Frailty modifications and prognostic impact in older patients admitted in acute care
Frailty is a predictor of adverse outcomes in older subjects.
The aims of this study are to (1) measure the frailty status and its changes occurring during the hospital stay, (2) determine the relationships among frailty and adverse outcomes.
Frailty was assessed using a 46-item Frailty Index (FI) in 156 patients admitted to an Acute Geriatric Medicine Unit. The FI was calculated within 24 h from the hospital admission (aFI) and at his/her discharge (dFI). Patients were followed up to 12 months after the hospital discharge.

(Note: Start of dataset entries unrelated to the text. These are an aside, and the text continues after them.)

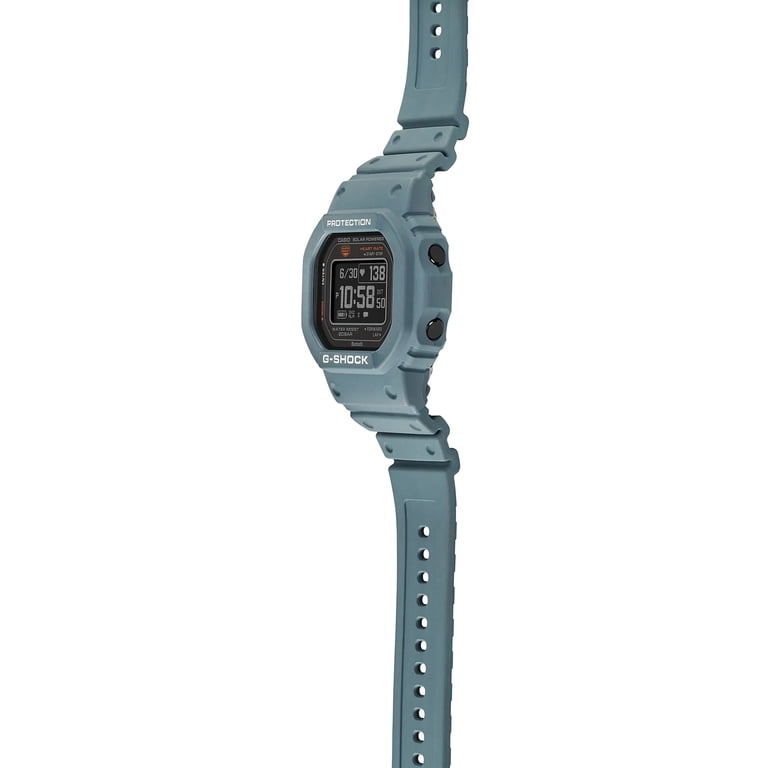 G-Shock DWH5600 Move HRM+GPS Blue - Walmart.com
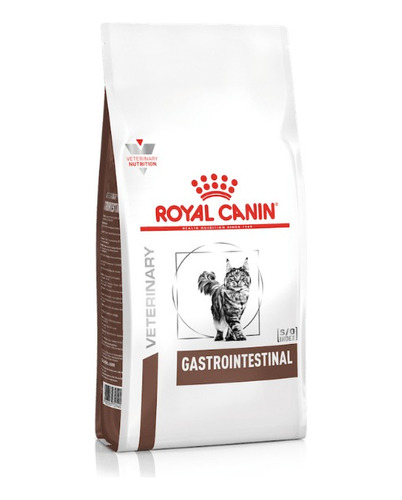 Royal Canin Gastro-intestinal Feline 4kg Ms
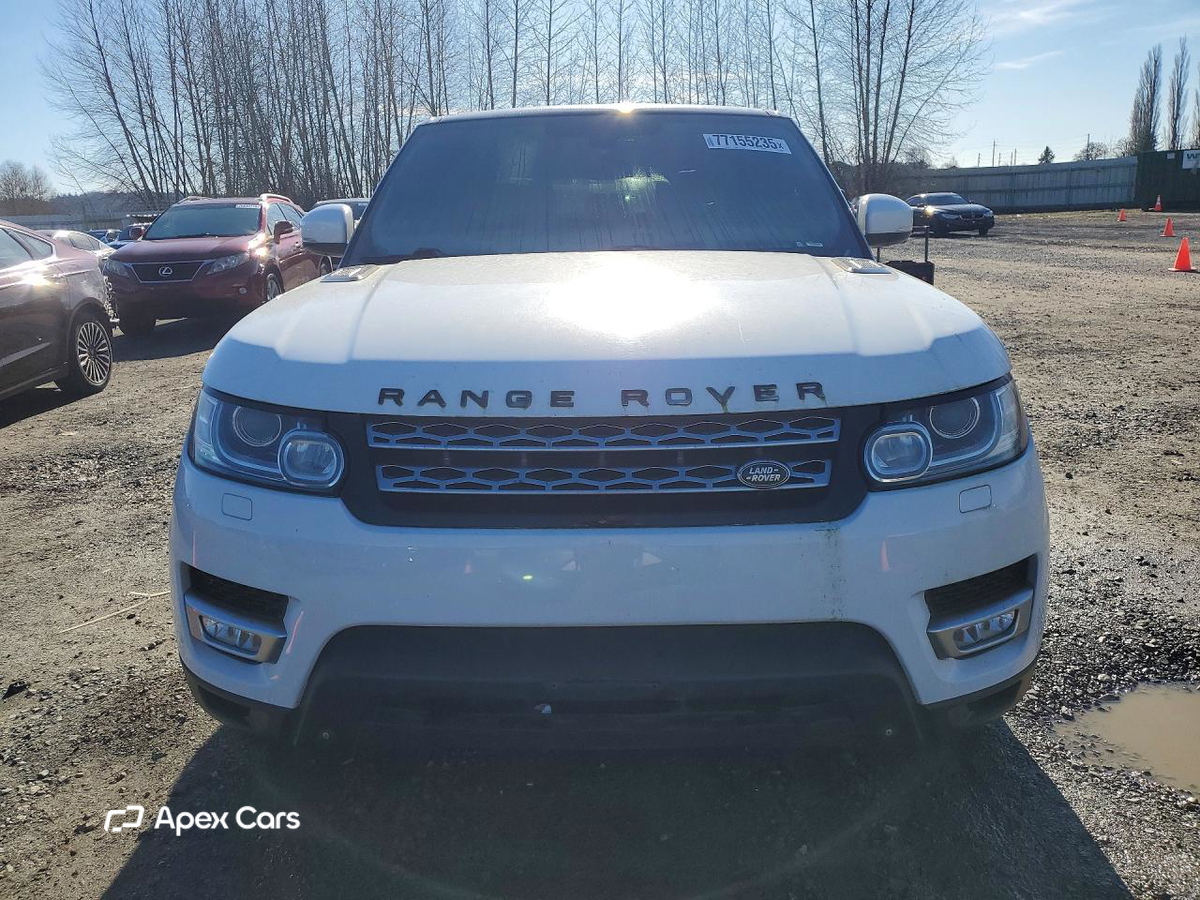 Land Rover Range Rover 2014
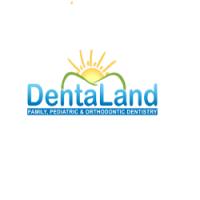 DentaLand Dentistry Logo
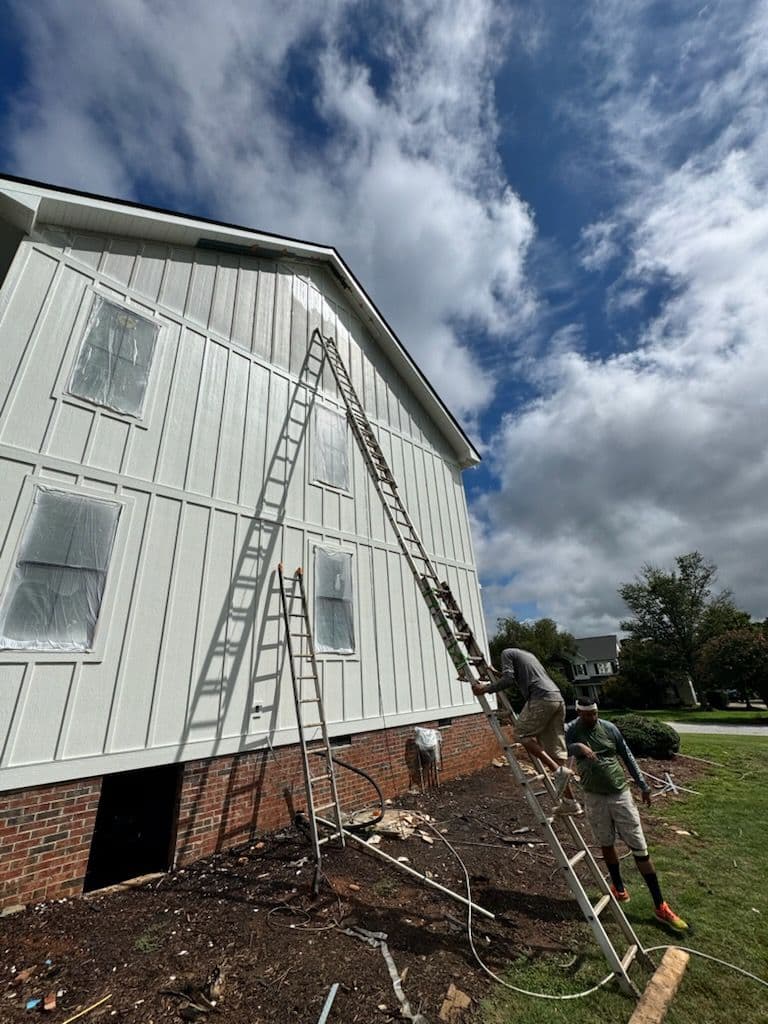 Gallery photos for House Transformation with Precision Painting: Image #1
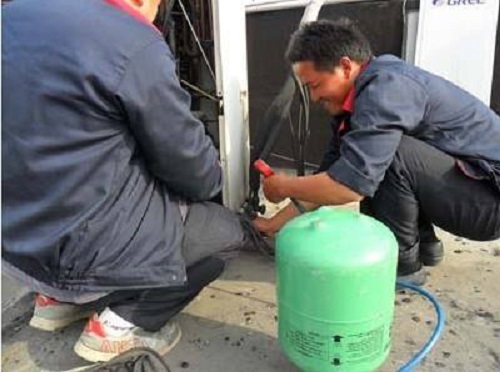 空調氟利昂加一次多少錢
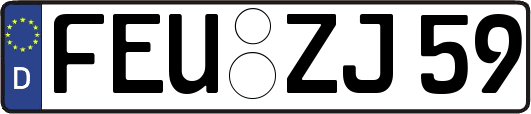 FEU-ZJ59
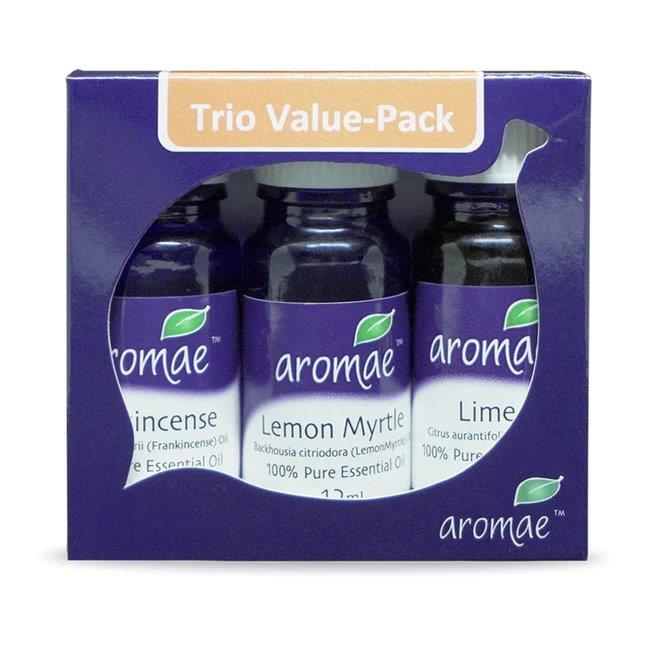 Aromae Essential Oils and Accessories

A statistically significant difference was reported between the aFI (0.31, IQR 0.19–0.44) and the dFI (0.29, IQR 0.19–0.40; p = 0.04). The aFI was directly associated with the risk of in-hospital death (OR = 5.9; 95% CI 2.0–17.5; p = 0.001), 1 year mortality (OR = 5.5, 95% CI 2.4–12.7, p < 0.001) and re-hospitalization (OR = 6.3, 95% CI 2.2–17.9, p = 0.03).

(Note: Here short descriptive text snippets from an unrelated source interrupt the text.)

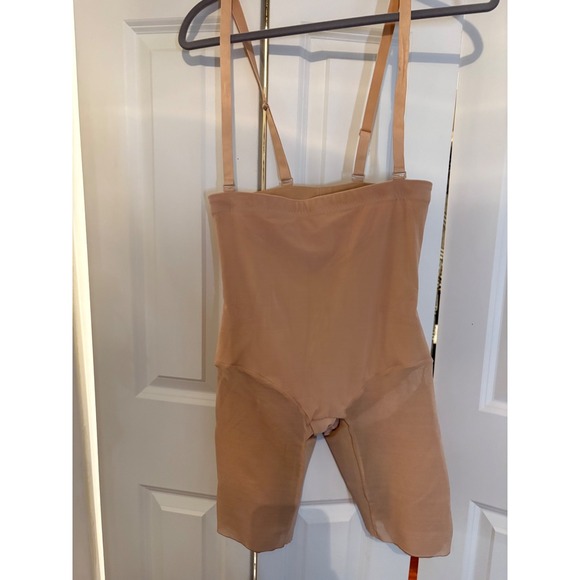 Honeylove Sculptwear Adjustable Strap Shaping Cami Nude Size L RN156214 - Picture 1 of 6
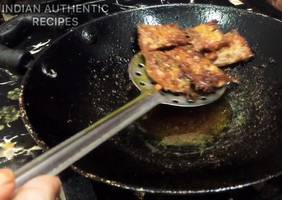 Palaya Soru Dry Fish Fry: Authentic South Indian Recipe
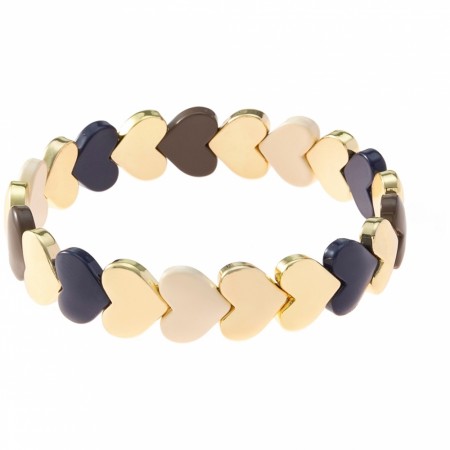 Strikk armbånd 
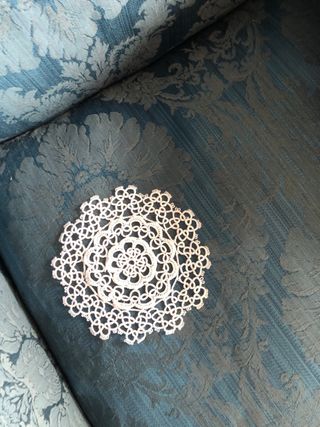 Dieci bellissimi centrini fatti a mano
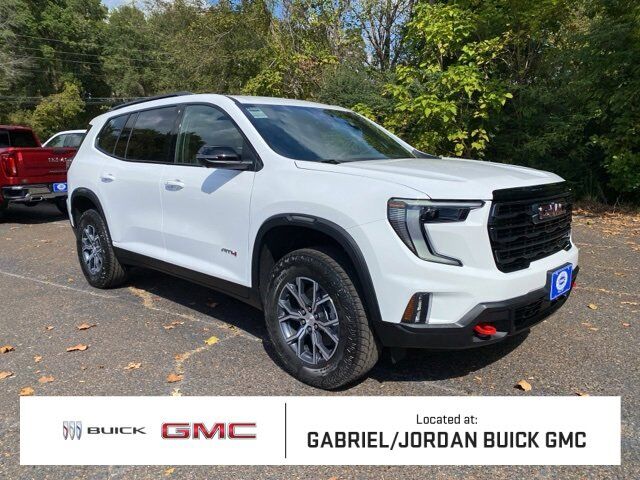 2026 GMC Acadia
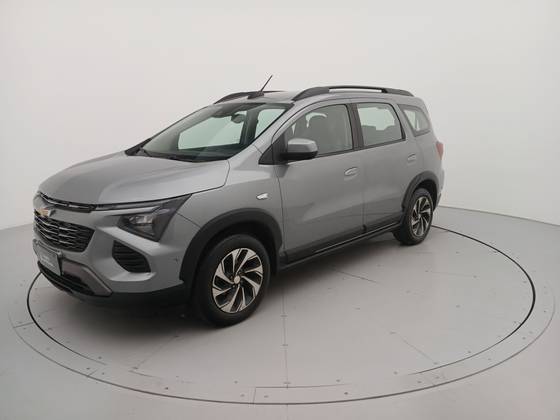 CHEVROLET SPIN 1.8 PREMIER 8V FLEX 4P AUTOMÁTICO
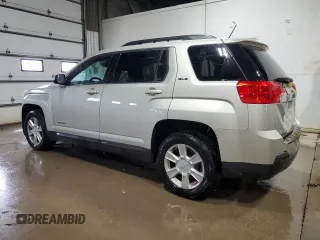 2013 GMC Terrain SLE with VIN 2GKFLTEK1D6422065, listed as a Copart auction lot 54592345 with 185,466 mi miles and Salvage title. Bid and sale history available at DreamBid. Image 2.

Frailty is a strong predictor of negative endpoints in hospitalized older persons.
Frailty assessment from routinely collected clinical data may provide important insights about the biological status of the individual and promote the personalization of care.
KeywordsElderly Frailty Hospitalization Length of stay Mortality
This research did not receive any specific Grant from funding agencies in the public, commercial, or not-for-profit sectors.

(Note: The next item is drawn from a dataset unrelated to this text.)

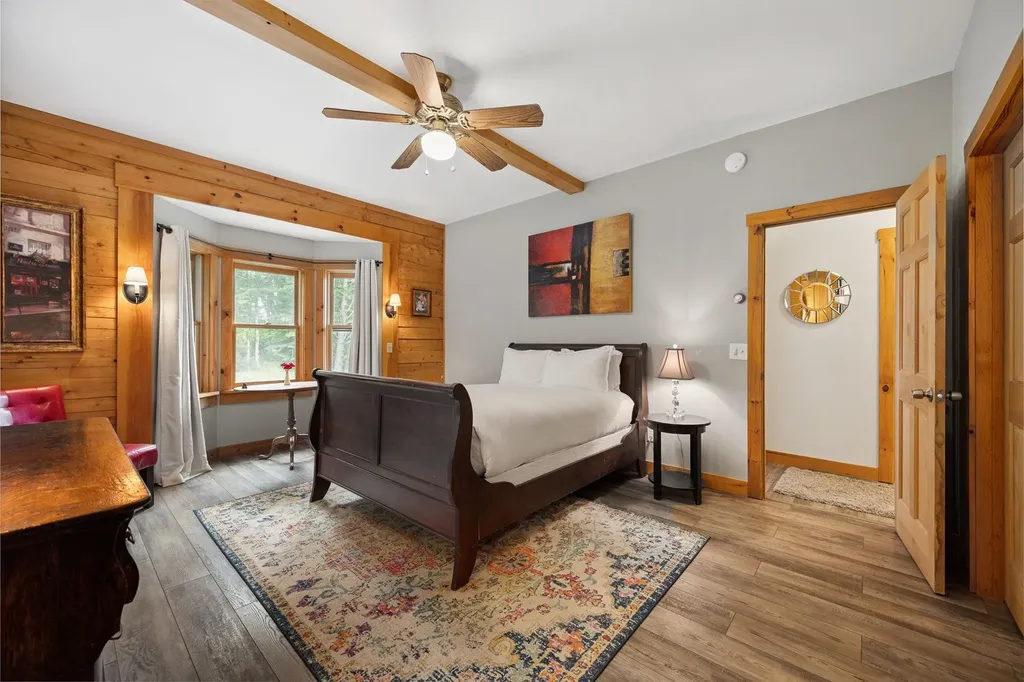 307 Lower Leriche Road Stowe VT 05672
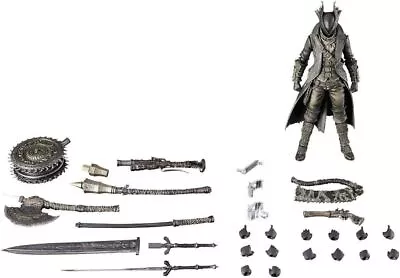Buy Figma Bloodborne Hunter The Old Hunters Edition Figure Max Factory • 148.64£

Compliance with ethical standards
Conflict of interest
On behalf of all authors, the corresponding author states that there is no conflict of interest.
The study was approved by the Ethics Committee of the University of Messina (prot. number 19/17). The study has been performed in accordance with the ethical standards as laid down in the 1964 Declaration of Helsinki and its later amendments.
For this type of study formal consent is not required.